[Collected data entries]
---+---

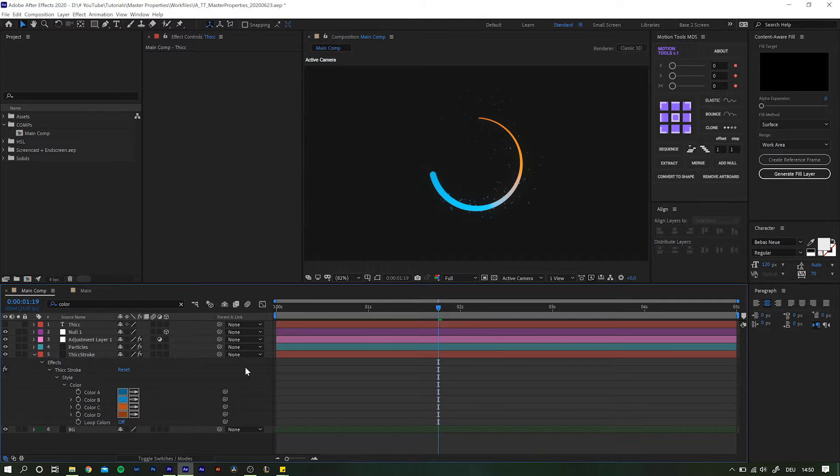For that, let's take a look at this example. This animation is the result of my previous video on the thick stroke effect. It's a really great tool to have, so head over there and learn everything you need to know about it.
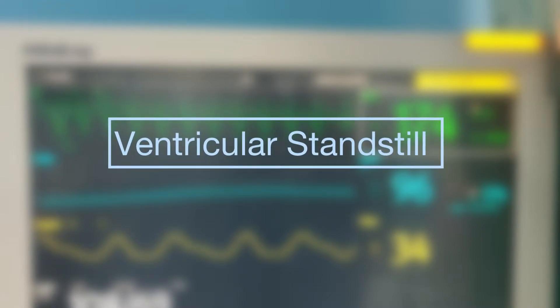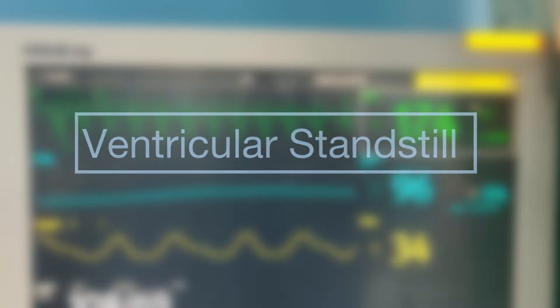Hello Friends! In today's video, we will be talking about a rare electrophysiological phenomenon known as ventricular standstill.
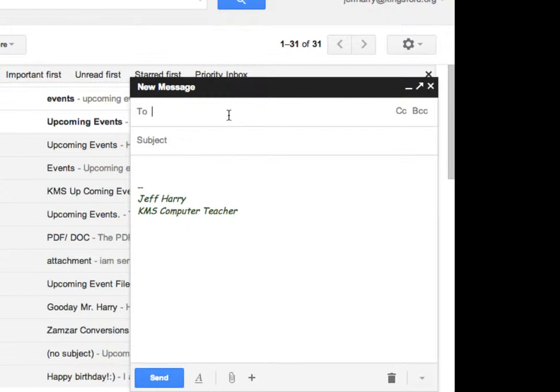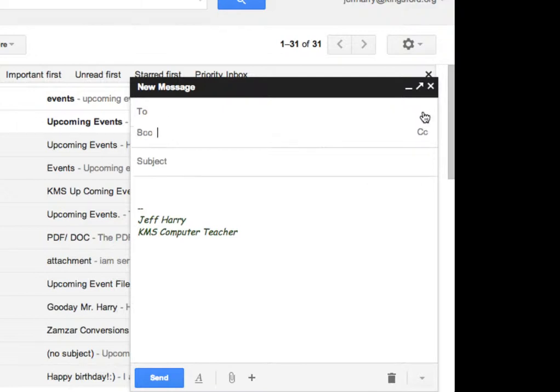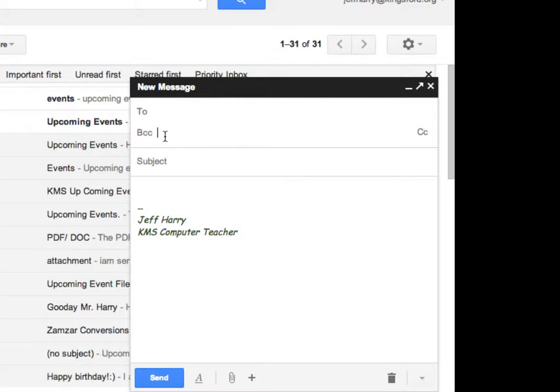In order to create a blind carbon copy in Gmail, you have to look off to the right side where it says BCC. Once you click on the BCC link, you have your cursor in the BCC field, and then put your recipient list in the BCC field, whether you type them one by one or, as I have, created a group.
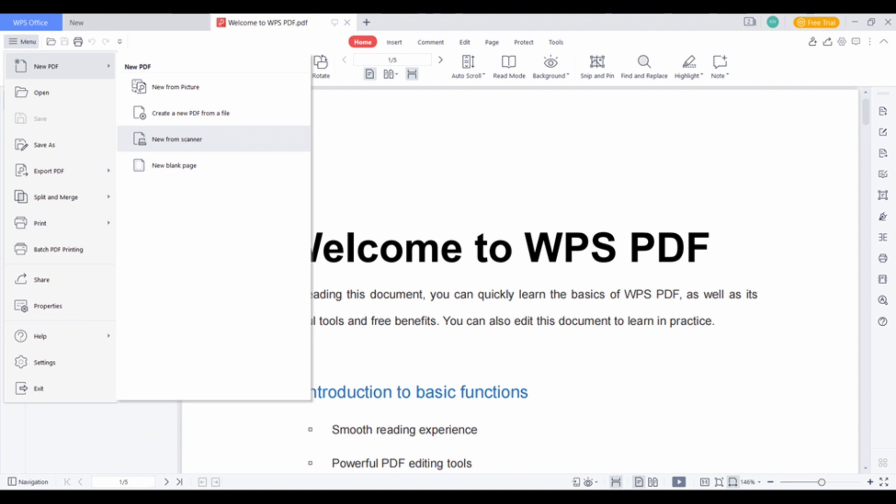Click on it and then you will see the option of new from scanner. Once you click on it, you will see the option to choose multiple pages of which you want to create the PDF.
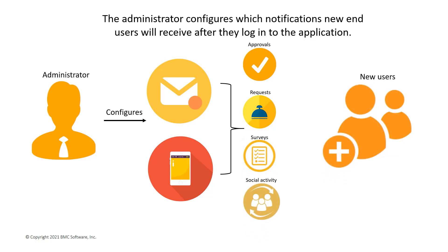For the purpose of this video, let's assume that Company A has decided to use email notifications for all event types and, therefore, wants new users to have only email notifications turned on.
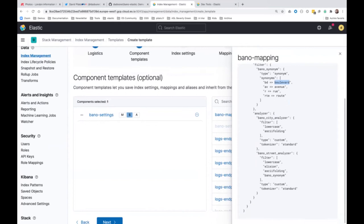There was a question: is 8000 the default port for the Filebeat HTTP endpoint? Yes, that is the default port, and you can change it if you wish.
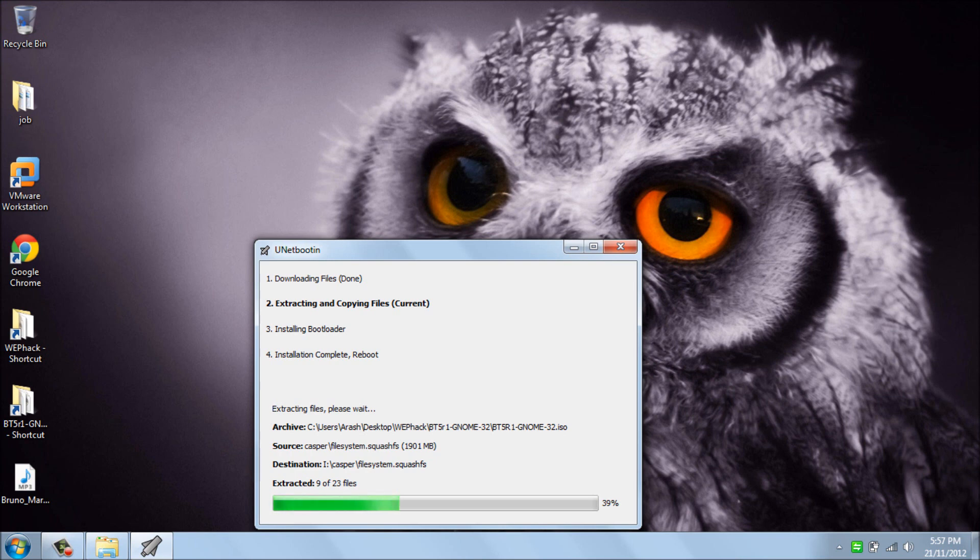And the second thing I'm gonna mention is why we need to use the bootable USB. First of all, it's really simple to use because you just need to put the USB drive in your USB connection, turn on your computer, then press F11 to boot from USB, and simply you go to BackTrack.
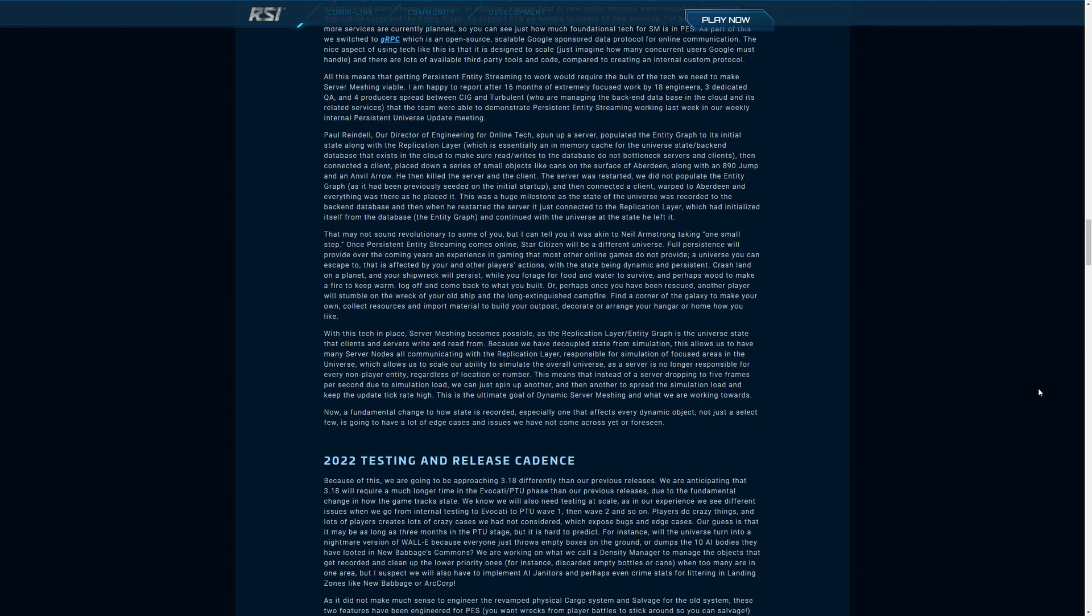This is the milestone they hit. This is really interesting. Paul Reindell, our director of engineering for online tech, spun up a server, populated the entity graph to its initial state along with the replication layer, which is basically an in-memory cache for the universe in a back-end database. He then connected a client, placed down a series of small objects like cans on the surface of Aberdeen along with an 890 Jump and an Anvil Arrow. He then killed the server and the client. The server was restarted. They didn't populate the entity graph as it had been populated previously when they started it the first time, and then they connected a client. They went back to Aberdeen and everything was exactly as he placed it.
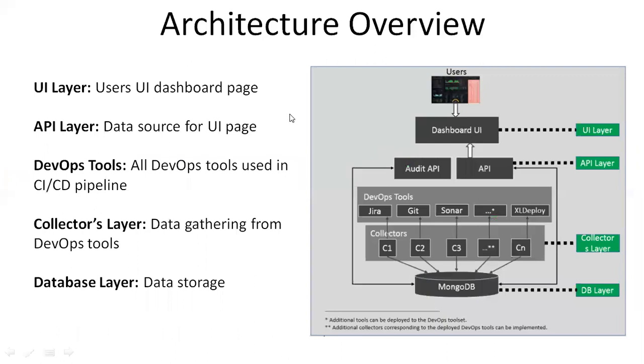Let's see the architecture overview of the Hygieia dashboard. There are a couple of major layers which I have highlighted: UI layer, API layer, collectors layer, DB layer, and corresponding DevOps tools.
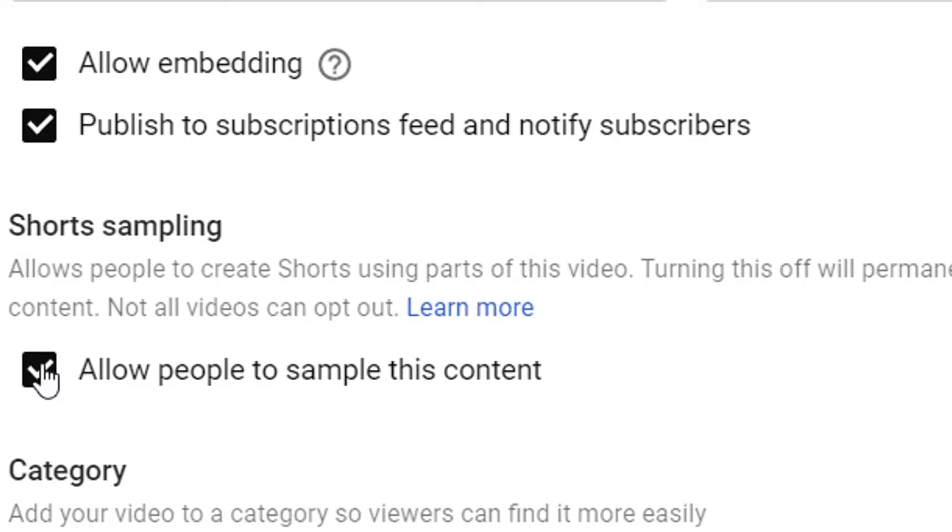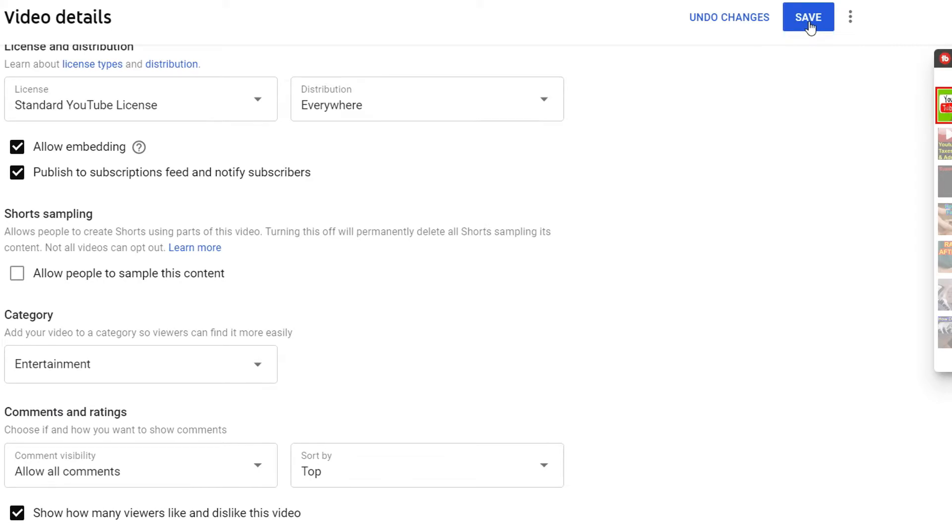If you've got a dozen videos you can go through each one and manually uncheck the box to say you don't want people to use your content. But when you've got seven hundred to a thousand videos, that's a very big problem. It certainly raises questions about content, copyright, and fair use.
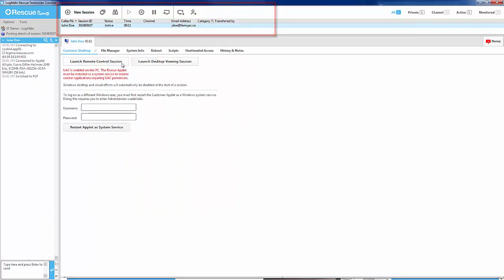You can work the case as normal, chatting or using the various features within Rescue, and the chat log and all of the fields will be uploaded back into Salesforce.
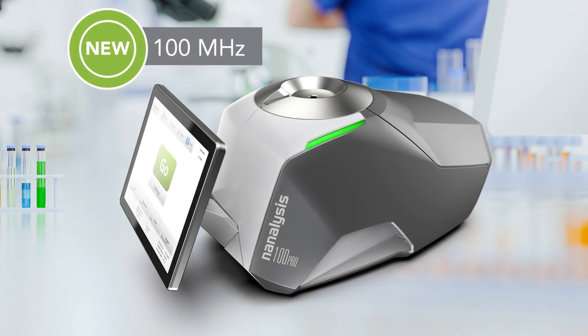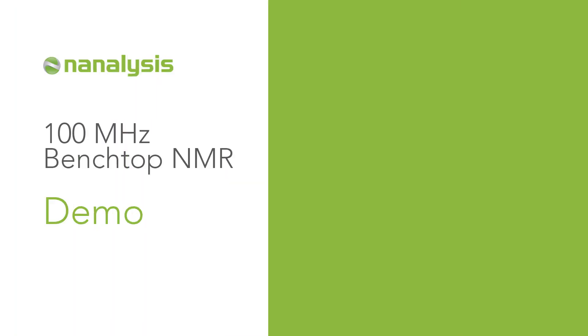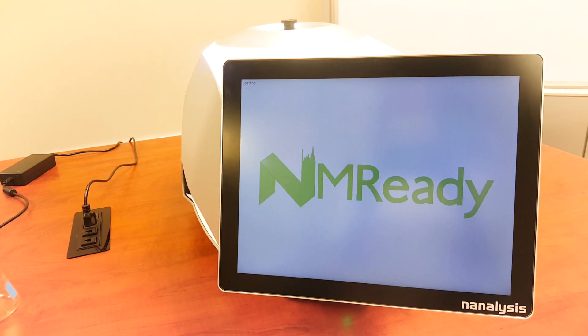We're excited to introduce our 100 MHz Benchtop NMR spectrometer, the most powerful benchtop NMR spectrometer available on the market, offering 25% more resolution than our closest competitor.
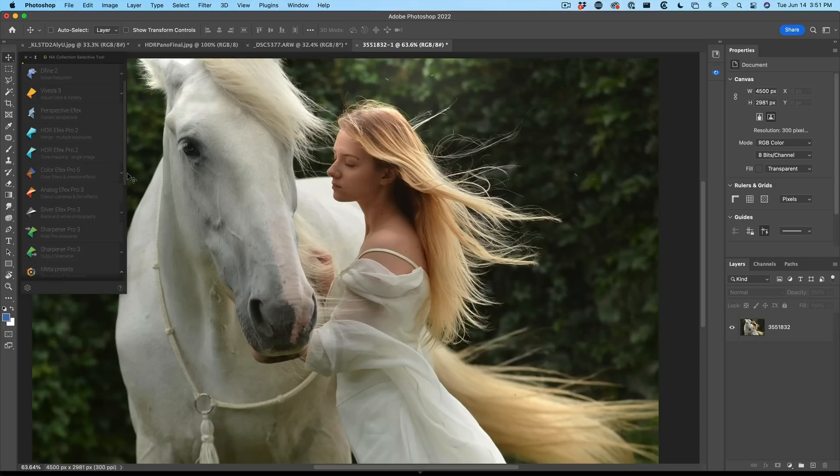I already did a review on version four — check that out. The Nik Collection is a collection of eight plugins loved by photographers, and they do different things. Some of the things they do, they can do better than Photoshop. For example, Define has what I believe is the best noise reduction in the industry.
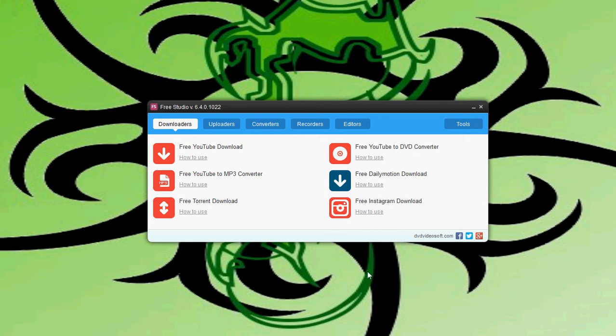In the last two videos I covered how to install this software and the free YouTube download. If you haven't seen those, check them out first, especially the installation video. There's a specific way to install it so you don't get a bunch of bloatware.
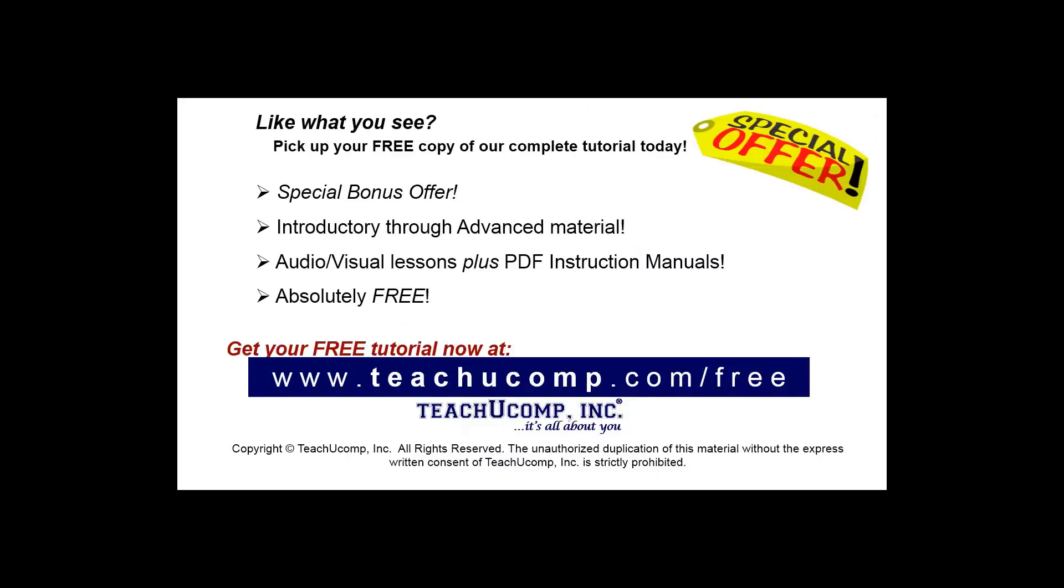Like what you see? Pick up your free copy of the complete tutorial at www.teachyoucomp.com forward slash free.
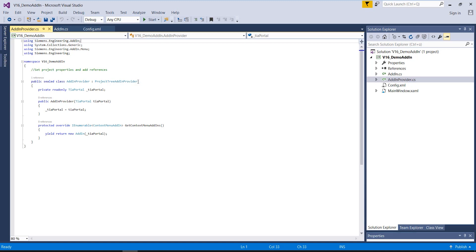In this case, the project tree add-in provider is used. Thus, the add-in is attachable to elements in the project navigation view on the left side of TIA Portal. These providers are also available for the devices in network view, the project library, the global libraries and the version control interface.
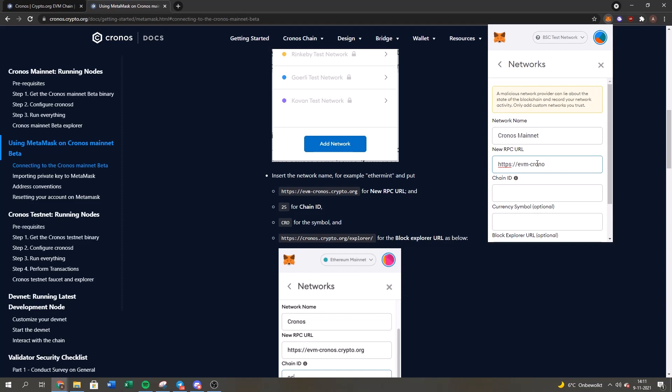I will leave all this information in the description and also link the official website of Chronos, crypto.org. The chain ID is 25.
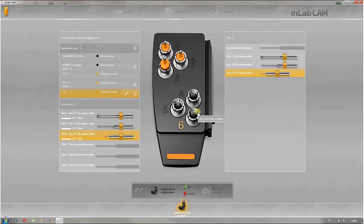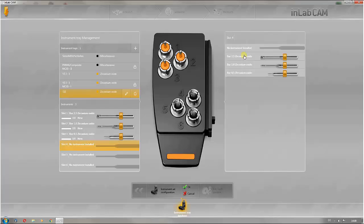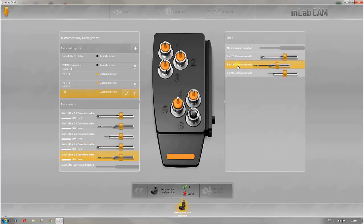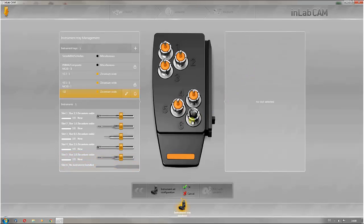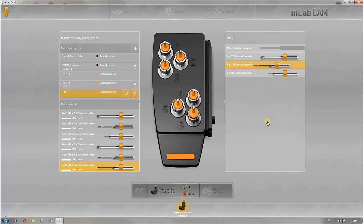It is recommended to assign the instruments which are used most to the free positions 4 to 6, so that there is a sister tool in the instrument tray for the tools which are used most frequently. Should the first tool become seriously worn, the sister tool can then be accessed.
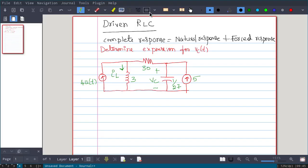Now we will discuss driven RLC circuits. So far we have seen source-free parallel and series RLC networks. Now we will see driven series and parallel RLC networks. In a driven RLC circuit, the complete response is equal to the natural response plus the forced response. We have seen this in driven RL and RC networks — it has two parts: natural response and forced response. Once we add those two, we get the complete response. The same method we will follow here.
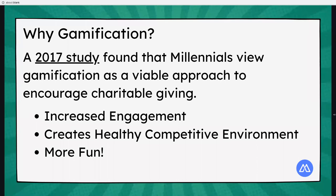Overall, gamification provides increased engagement with your donors or participants. If you're doing a peer-to-peer fundraiser, it can help create an environment of healthy competition, and it makes it more fun. When you're applying a game idea to a non-game environment, you want to make it a more friendly, fun environment — a different way to communicate with your donors.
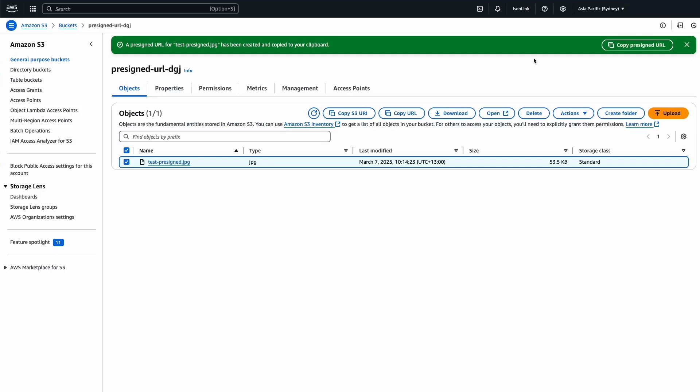You will see a message on the top of the screen that says a presigned URL for object has been created and copied to your clipboard. If you need to, you can choose this button to copy the link.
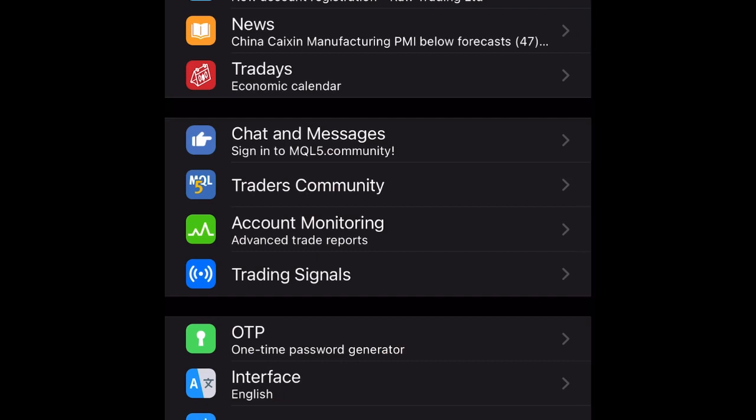These are the basic workflows of how to use the MetaTrader 4 mobile app on your mobile device, most especially for iPhone users. If this video has been helpful to you, please subscribe to my channel and turn on the notification bell. If you have any questions, leave them in the comment section and I'll reply as soon as possible. Have a nice day!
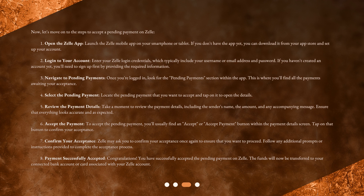Step 6: Accept the Payment. To accept the pending payment, you'll usually find an Accept or Accept Payment button within the Payment Details screen. Tap on that button to confirm your acceptance. Step 7: Confirm Your Acceptance. Zelle may ask you to confirm your acceptance once again to ensure that you want to proceed. Follow any additional prompts or instructions provided to complete the acceptance process.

---+---

» **What needs to be done**:
Please reproduce the entries from above exactly; images are not part of the copy.

» **Solved problem**:
For that, let's take a look at this example. This animation is the result of my previous video on the thick stroke effect. It's a really great tool to have, so head over there and learn everything you need to know about it.
Hello Friends! In today's video, we will be talking about a rare electrophysiological phenomenon known as ventricular standstill.
In order to create a blind carbon copy in Gmail, you have to look off to the right side where it says BCC. Once you click on the BCC link, you have your cursor in the BCC field, and then put your recipient list in the BCC field, whether you type them one by one or, as I have, created a group.
Click on it and then you will see the option of new from scanner. Once you click on it, you will see the option to choose multiple pages of which you want to create the PDF.
For the purpose of this video, let's assume that Company A has decided to use email notifications for all event types and, therefore, wants new users to have only email notifications turned on.
There was a question: is 8000 the default port for the Filebeat HTTP endpoint? Yes, that is the default port, and you can change it if you wish.
And the second thing I'm gonna mention is why we need to use the bootable USB. First of all, it's really simple to use because you just need to put the USB drive in your USB connection, turn on your computer, then press F11 to boot from USB, and simply you go to BackTrack.
This is the milestone they hit. This is really interesting. Paul Reindell, our director of engineering for online tech, spun up a server, populated the entity graph to its initial state along with the replication layer, which is basically an in-memory cache for the universe in a back-end database. He then connected a client, placed down a series of small objects like cans on the surface of Aberdeen along with an 890 Jump and an Anvil Arrow. He then killed the server and the client. The server was restarted. They didn't populate the entity graph as it had been populated previously when they started it the first time, and then they connected a client. They went back to Aberdeen and everything was exactly as he placed it.
Let's see the architecture overview of the Hygieia dashboard. There are a couple of major layers which I have highlighted: UI layer, API layer, collectors layer, DB layer, and corresponding DevOps tools.
If you've got a dozen videos you can go through each one and manually uncheck the box to say you don't want people to use your content. But when you've got seven hundred to a thousand videos, that's a very big problem. It certainly raises questions about content, copyright, and fair use.
You can work the case as normal, chatting or using the various features within Rescue, and the chat log and all of the fields will be uploaded back into Salesforce.
We're excited to introduce our 100 MHz Benchtop NMR spectrometer, the most powerful benchtop NMR spectrometer available on the market, offering 25% more resolution than our closest competitor.
I already did a review on version four — check that out. The Nik Collection is a collection of eight plugins loved by photographers, and they do different things. Some of the things they do, they can do better than Photoshop. For example, Define has what I believe is the best noise reduction in the industry.
In the last two videos I covered how to install this software and the free YouTube download. If you haven't seen those, check them out first, especially the installation video. There's a specific way to install it so you don't get a bunch of bloatware.
Like what you see? Pick up your free copy of the complete tutorial at www.teachyoucomp.com forward slash free.
In this case, the project tree add-in provider is used. Thus, the add-in is attachable to elements in the project navigation view on the left side of TIA Portal. These providers are also available for the devices in network view, the project library, the global libraries and the version control interface.
I will leave all this information in the description and also link the official website of Chronos, crypto.org. The chain ID is 25.
It is recommended to assign the instruments which are used most to the free positions 4 to 6, so that there is a sister tool in the instrument tray for the tools which are used most frequently. Should the first tool become seriously worn, the sister tool can then be accessed.
Now we will discuss driven RLC circuits. So far we have seen source-free parallel and series RLC networks. Now we will see driven series and parallel RLC networks. In a driven RLC circuit, the complete response is equal to the natural response plus the forced response. We have seen this in driven RL and RC networks — it has two parts: natural response and forced response. Once we add those two, we get the complete response. The same method we will follow here.
Overall, gamification provides increased engagement with your donors or participants. If you're doing a peer-to-peer fundraiser, it can help create an environment of healthy competition, and it makes it more fun. When you're applying a game idea to a non-game environment, you want to make it a more friendly, fun environment — a different way to communicate with your donors.
You will see a message on the top of the screen that says a presigned URL for object has been created and copied to your clipboard. If you need to, you can choose this button to copy the link.
These are the basic workflows of how to use the MetaTrader 4 mobile app on your mobile device, most especially for iPhone users. If this video has been helpful to you, please subscribe to my channel and turn on the notification bell. If you have any questions, leave them in the comment section and I'll reply as soon as possible. Have a nice day!
Step 6: Accept the Payment. To accept the pending payment, you'll usually find an Accept or Accept Payment button within the Payment Details screen. Tap on that button to confirm your acceptance. Step 7: Confirm Your Acceptance. Zelle may ask you to confirm your acceptance once again to ensure that you want to proceed. Follow any additional prompts or instructions provided to complete the acceptance process.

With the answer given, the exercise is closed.